American writer, filmmaker and activist (1985–2025)

M. Hasna Maznavi (October 2, 1985 – April 2, 2025) was an American writer, filmmaker and activist. She founded the Women's Mosque of America (the first female-led Muslim house of worship in the United States) in 2014. Maznavi was a member of the WGA, and she committed herself to changing the way Islam and Muslims are represented in mainstream American media.

==Background==
Maznavi was born on October 2, 1985, in Long Beach, California. She was the president of the Women's Mosque of America.

She was a filmmaker and comedy writer, having received an MFA in Film and TV Production from University of Southern California's School of Cinematic Arts and her BAs in Art and Mass Communications from University of California, Berkeley.

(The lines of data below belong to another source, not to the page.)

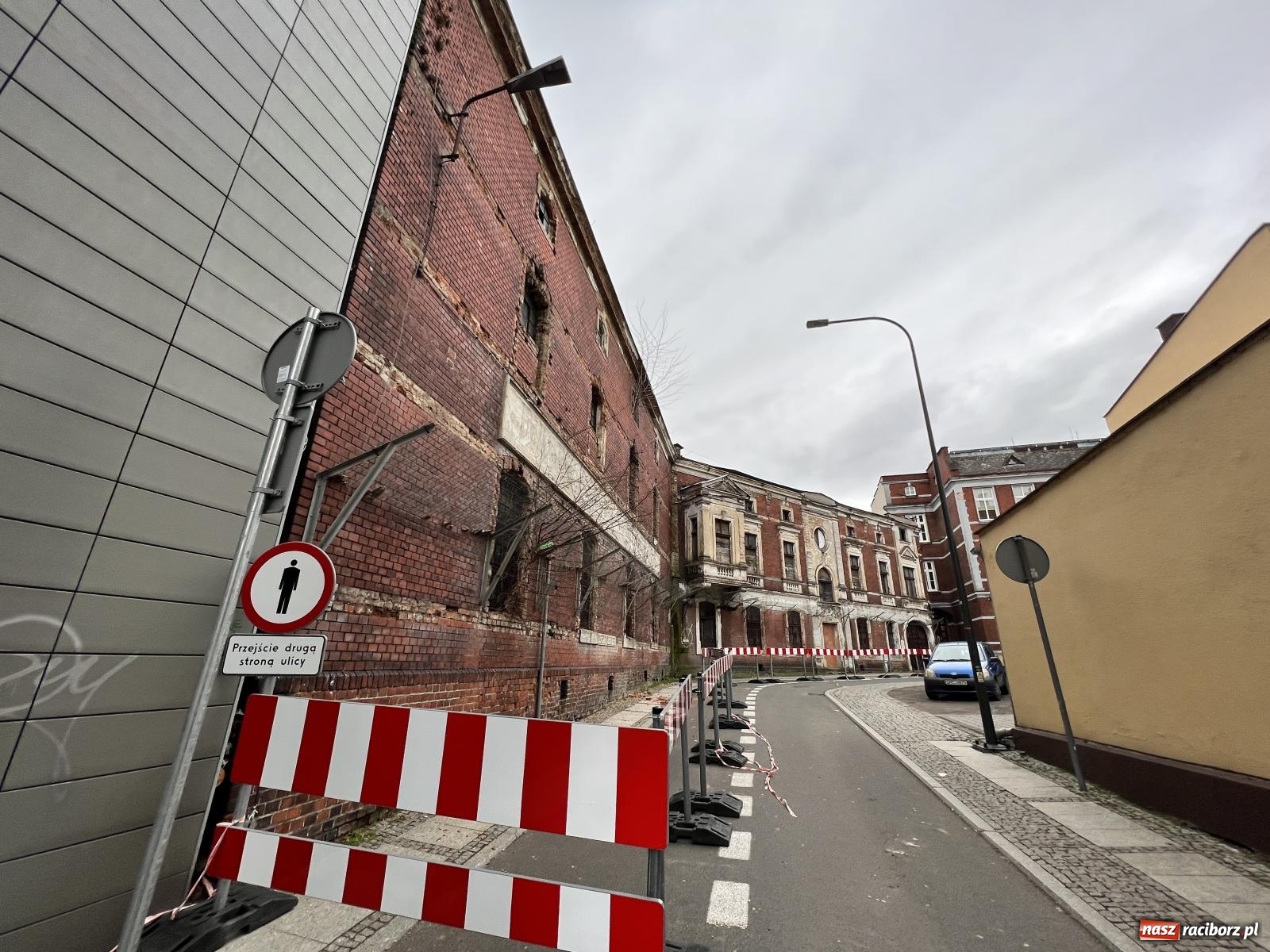 Zdjęcie w galerii na portalu naszraciborz.pl: Stara winiarnia sypie się w oczach. Komornik wystawił ją na sprzedaż [FOTO] wiadomości z regionu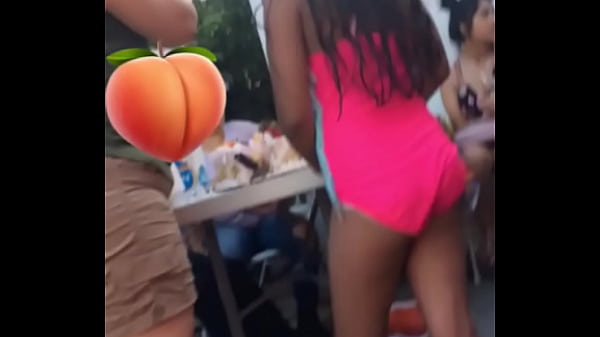 Joven caliente baila desnuda en fiesta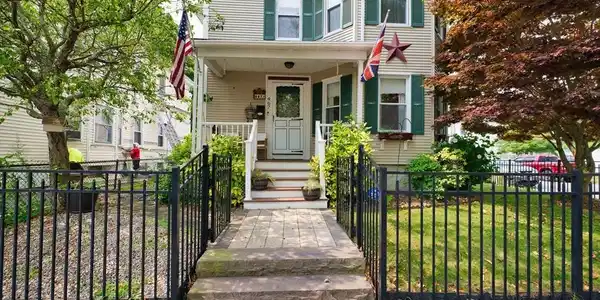 467 Brock Ave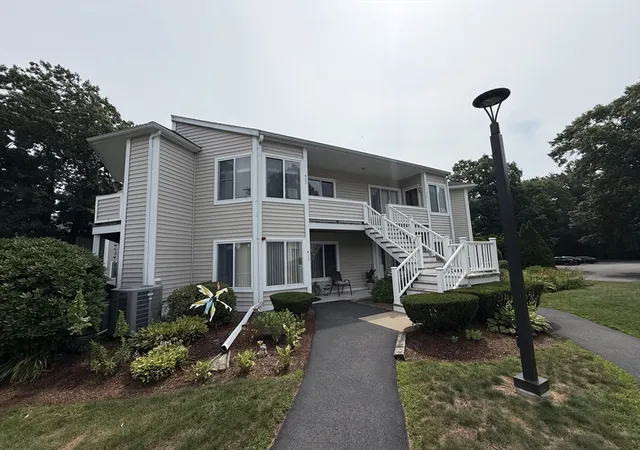 3rd image of 750 Whittenton St #422, Taunton, MA 02780 | MLS# 73556865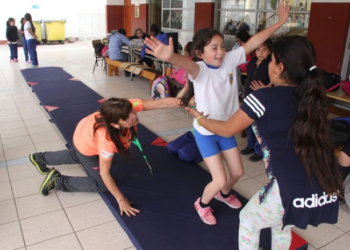 Ley aprobada en Chile hará que los niños permanezcan una hora más en las escuelas - Foto: Santo Tomás en Linea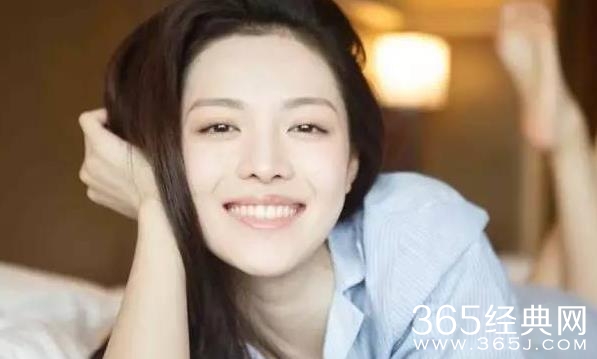 成龙新片被曝启用芳华女二钟楚曦 成龙新片为什么启用钟楚曦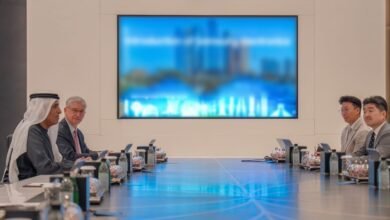 سعود بن صقر يستقبل وفدا من شركة "سامسونج للإلكترونيات"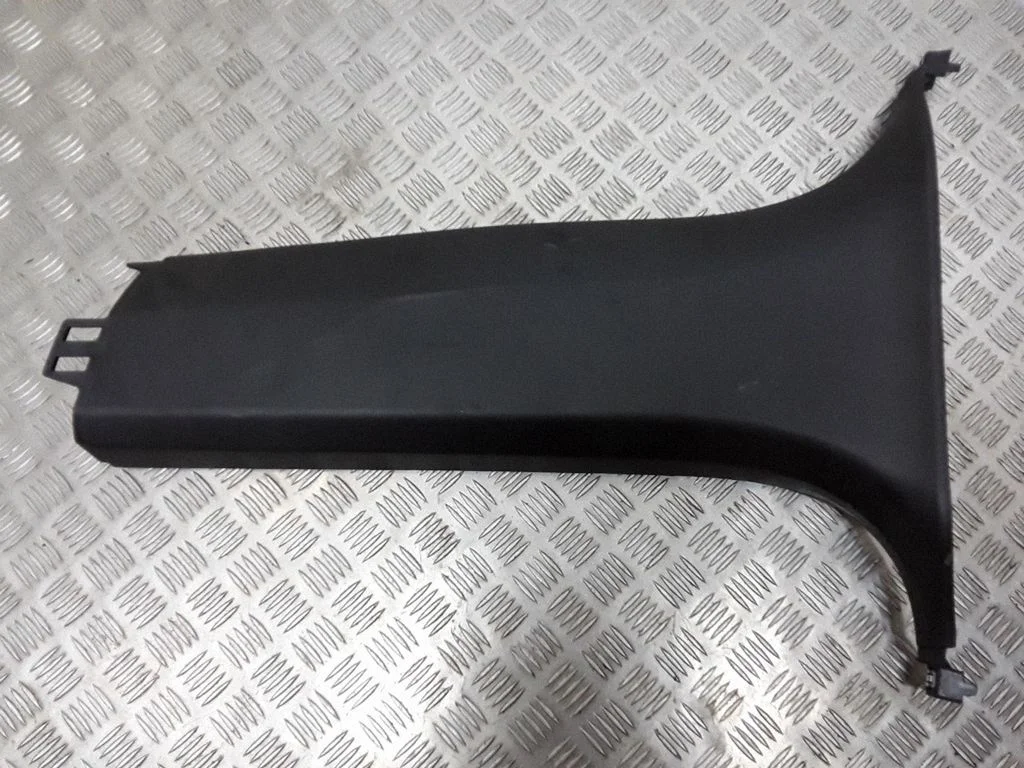 (B) pillar trim (bottom) – BMW X5 F15 (2013-2017)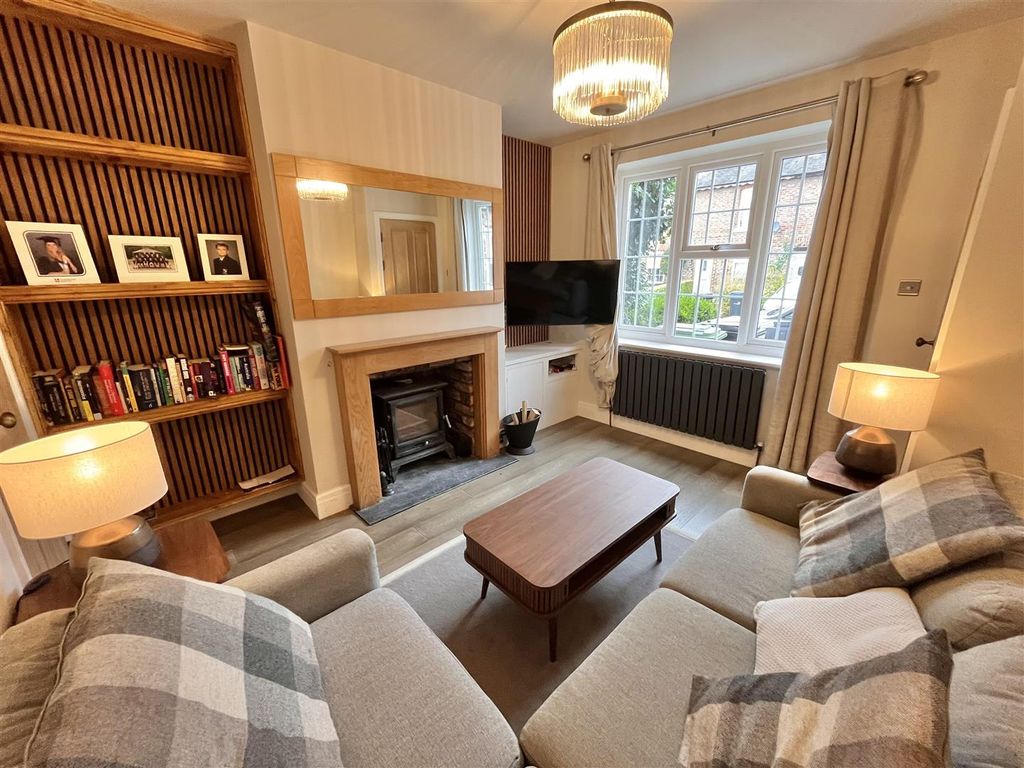 Property photo 3 of 22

Maznavi died of complications from diabetes on April 2, 2025, at the age of 39.

==Women's Mosque of America==
Maznavi founded the Women's Mosque of America on August 23, 2014, at the age of 28. The Women's Mosque of America had precedents in other countries in Muslim-majority nations and elsewhere, but this was the first such space in the United States. Muslim women meet at the mosque monthly on Fridays to pray. It has other programming during the week. The mosque is led by women and housed in rented interfaith spaces in downtown Los Angeles.